Revenons aux pompes funèbres. Comment les gens lavent-ils les corps ?
Quand ils lavent les corps, nous on n’est pas là. C’est quand ils finissent qu’ils nous appellent.
Encouragerez-vous les jeunes à faire ce travail ?
Moi-même, j’encourage toujours les jeunes à venir. Ce travail est comme tant d’autres. Il n’y a pas de mauvais boulot, et surtout qu’à Gagnoa, il n’existe pas d’unité industrielle qui puisse embaucher. Donc, quand je vois les jeunes venir se débrouiller dans les morgues, ça me fait plaisir.
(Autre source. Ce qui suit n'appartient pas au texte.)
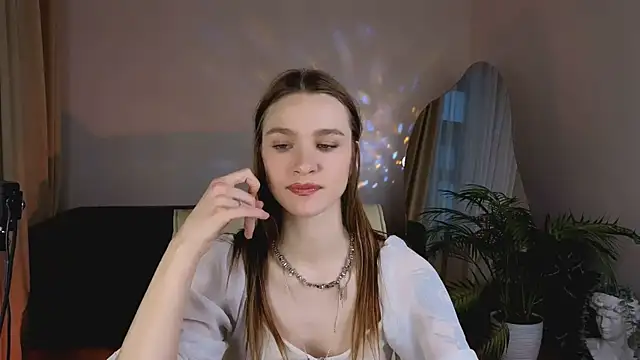 Snapshot of PollyMayer chatting on 10-02-25, 06:42 PollyMayer online show from 10-02-25, 06:42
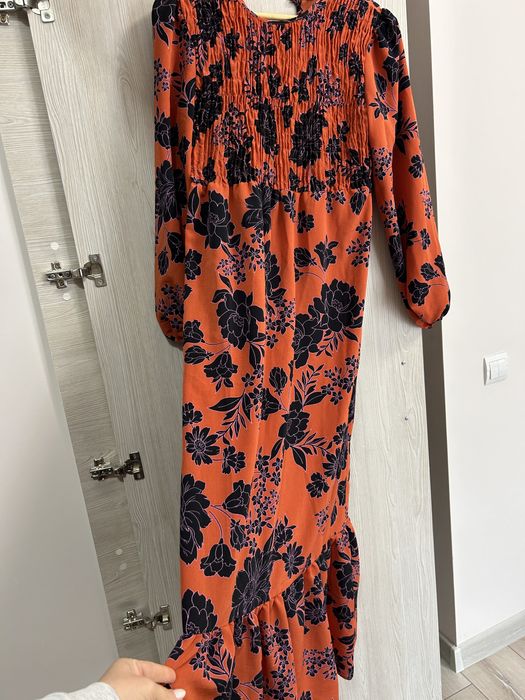 Сукня жіноча довга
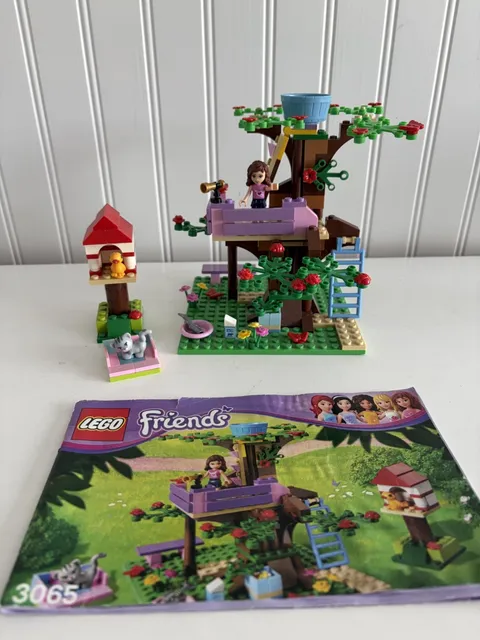 RETIRED LEGO Friends: Olivia's Tree House (3065)
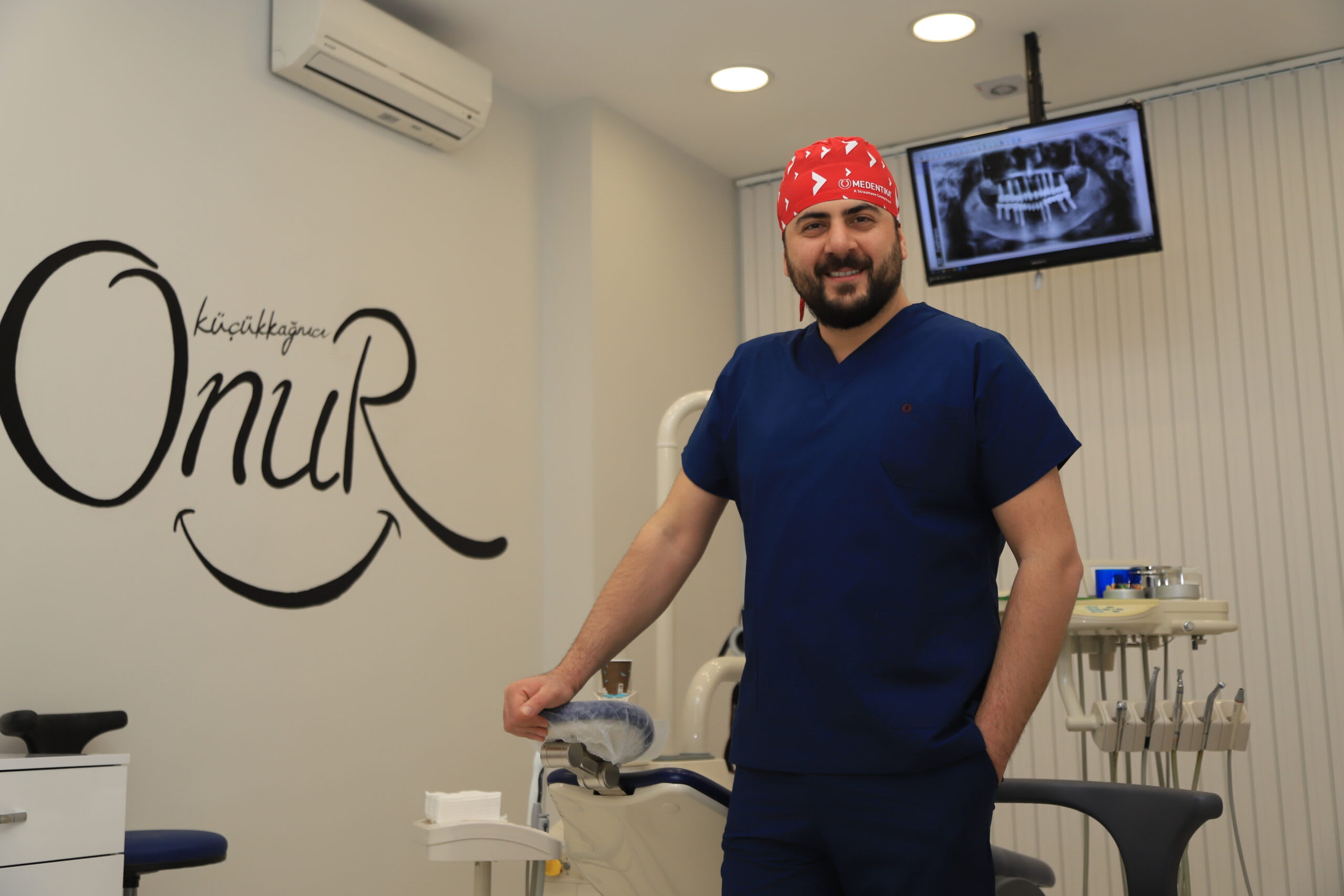 KONYA İMPLANT DİŞ ZİRKONYUM ONUR KÜÇÜKKAĞNICI ŞEFFAF PLAK DİŞTELİ GENEL ANESTEZİ UYUTARAK DİŞ TEDAVİSİ BEYAZLATMA DİŞETi interior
Y a-t-il de nombreux jeunes dans votre société ?
Là où je suis, nous ne sommes pas nombreux. Mais dans les deux autres pompes funèbres de la ville, ils sont plus nombreux. Il y a également que les jeunes viennent pour de petits boulots. Quand un enfant travaille, toi l’homme, tu dois l’encourager. Souvent, les enfants travaillent et à la fin de la journée, le soir, ils n’ont pas un sou en poche. Parfois, s’ils ont un peu de chance, les parents du défunt voient que le petit a beaucoup bossé et a été courageux, il lui donne un peu d’argent. Sinon, c’est difficile.
Qui devrait les rémunérer selon vous ?
Bon, en fait, il n’y a pas de salaire en tant que tel. Chez nous, on n’a pas réellement de souci. Mais dans d’autres morgues, je vois de nombreux jeunes gens se plaindre à longueur de journée. Mes amis me disent : je travaille, on ne me donne rien. Donc, je ne travaille plus.
Êtes-vous des contractuels des pompes funèbres ou des gens libres qui proposent leurs services ?
On n’est pas embauché.
Alors, pourquoi voulez-vous être rémunérés donc ?
Chez nous par exemple, c’est le chef de la morgue qui s’occupe de tout. Donc, ailleurs, nous plaidons pour que les chefs de morgue puissent aussi leur donner un peu d’argent.
Souvent, on dit que le corbillard n’a pas de rétroviseur parce que le chauffeur voit le mort assis sur le cercueil. Est-ce vrai ?
(Rire). Tout cela, c’est des mensonges. Les gens racontent trop de choses inexactes sur les morts. Nous, on est ici. Quand tu n’es pas dans un milieu, tu en ignores tout et tu crois à toutes sortes de bêtises.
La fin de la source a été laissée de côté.